He pinpointed the four 4.5in guns among the destroyer’s armament as the culprit. The inquiry that followed proved that at least the Buccaneer skipper’s aim was accurate.

The 840-ton Buccaneer was built in 1937 by Flemming & Ferguson. She was 50m long with a beam of 10m, and driven by a single screw powered by a three-cylinder, triple-expansion engine.

At the outbreak of WW2 she was fitted with a 3in gun at her bow. It was never used in anger.

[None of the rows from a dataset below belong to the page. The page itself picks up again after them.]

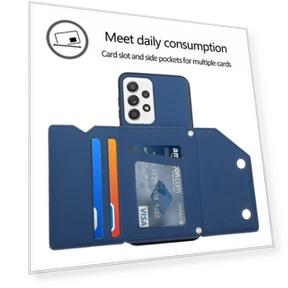 Card Holder Kickstand Phone Back Cover with Shoulder Strap — Back Covers, Smartwatch 2025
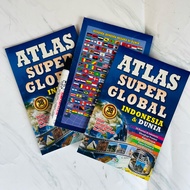 Atlas Super global Indonesia and the World Atlas Indonesia/ Atlas World Medium Size/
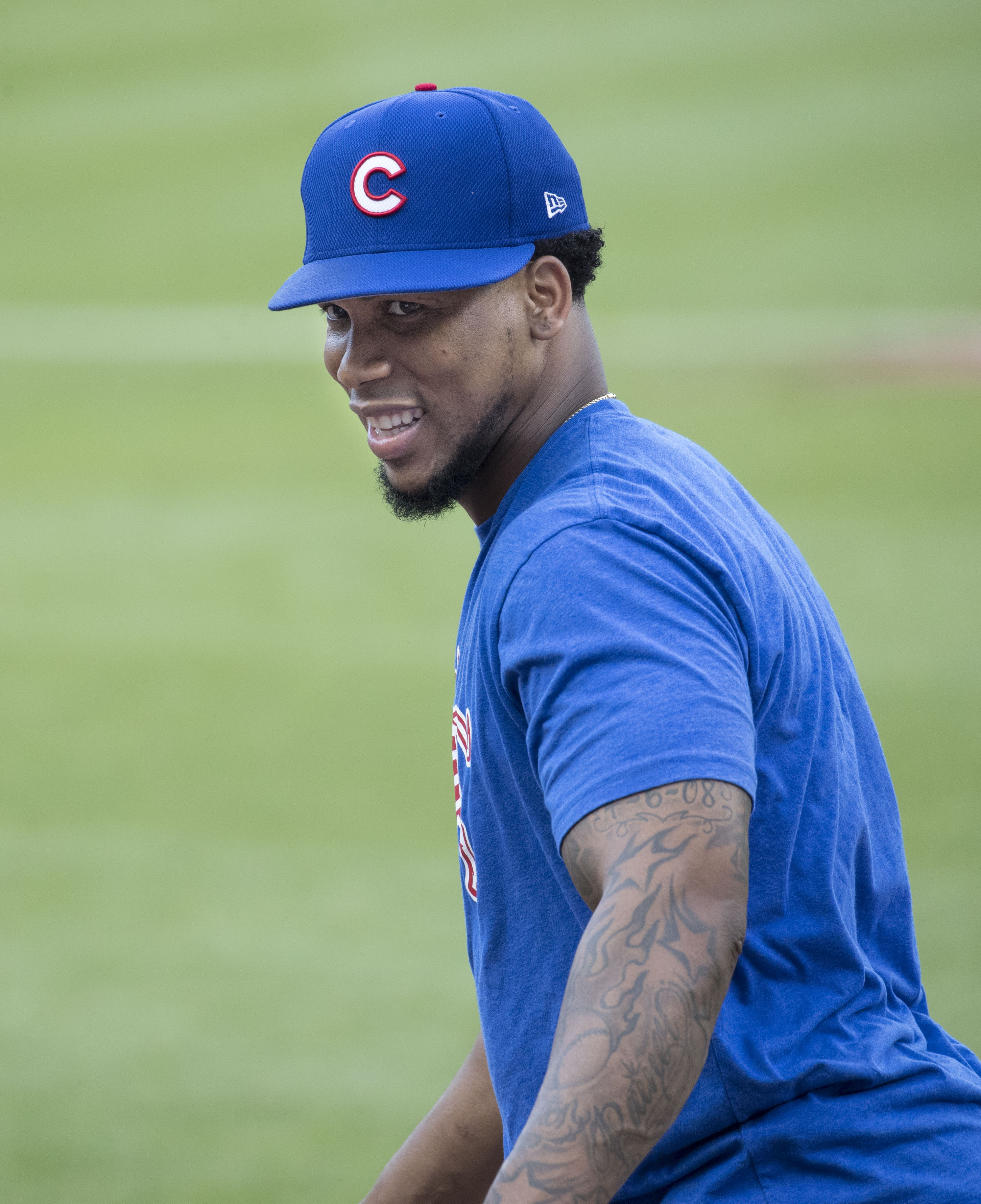 Pedro Strop Game-Used Uniform -- 1916 Throwback Game -- Reds vs. Cubs --  7/6/16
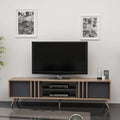 Tv Unit | Black & Wooden | 180 x 40 x 40 | TV107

For most of the war she was a resident tug at Portland Naval Base.


GETTING THERE: If diving with a hardboat out of Weymouth, follow the A37 or A354 to Dorchester, then the A354. Avoid the seafront and continue along the back of the harbour. Turn left just before the fire-station. Boats pick up from the marina floats in front of the fire-station, across the bridge at Weymouth Quay by the Sailor’s Return or further along the Old Harbour area by the Old Rooms Inn. Arrive early, because you might have to wait for space to unload and then find somewhere to park and walk back to the boat.

DIVING AND AIR: Out-Rage, skipper Rod Thompson, Our W, skipper Woody. Air, nitrox and trimix are available from Old Harbour Dive Centre.

ACCOMMODATION: The area is littered with B&Bs and small hotels. Campsites are out of town, usually very smart and a bit expensive. Particularly convenient bed & breakfast is available at the Sailor’s Return on Weymouth Quay.

TIDES: Neaps recommended. Slack water is 3 hours 45 minutes after high water Portland. On neaps the tide also drops to a diveable state (but not fully slack) 2 hours 45 minutes before high water Portland.

HOW TO FIND IT: The position of the Buccaneer on GPS is 50 29.37N 02 41.70W (degrees, minutes and decimals). It lies along the tide with the bow towards Portland and can take several tries to shot.

LAUNCHING: There are slipways for RIB-launching at Weymouth, Portland, West Bay and Lyme Regis. Harbour and launch fees are payable.

QUALIFICATIONS: Experienced divers who are prepared to make decompression stops of more than a few minutes, though you don’t have to be extreme.

FURTHER INFORMATION: Admiralty Chart 3315, Berry Head To Bill Of Portland. Ordnance Survey Map 194, Dorchester, Weymouth & Surrounding Area. Dive Dorset, by John & Vicki Hinchcliffe. Shipwreck Index Of The British Isles Vol 1, by Richard & Bridget Larn. Diver's Guide To Weymouth & Portland Area, Weymouth & Portland BSAC. Shipwreck Guide To Dorset and Lyme Bay, by Nigel Clarke. Weymouth tourist information.

PROS: Fairly intact, a larger than average tug with the bonus of armament.

CONS: Slack water essential. A far more advanced dive than the nearby Salsette (Wreck Tour 11, January 2000).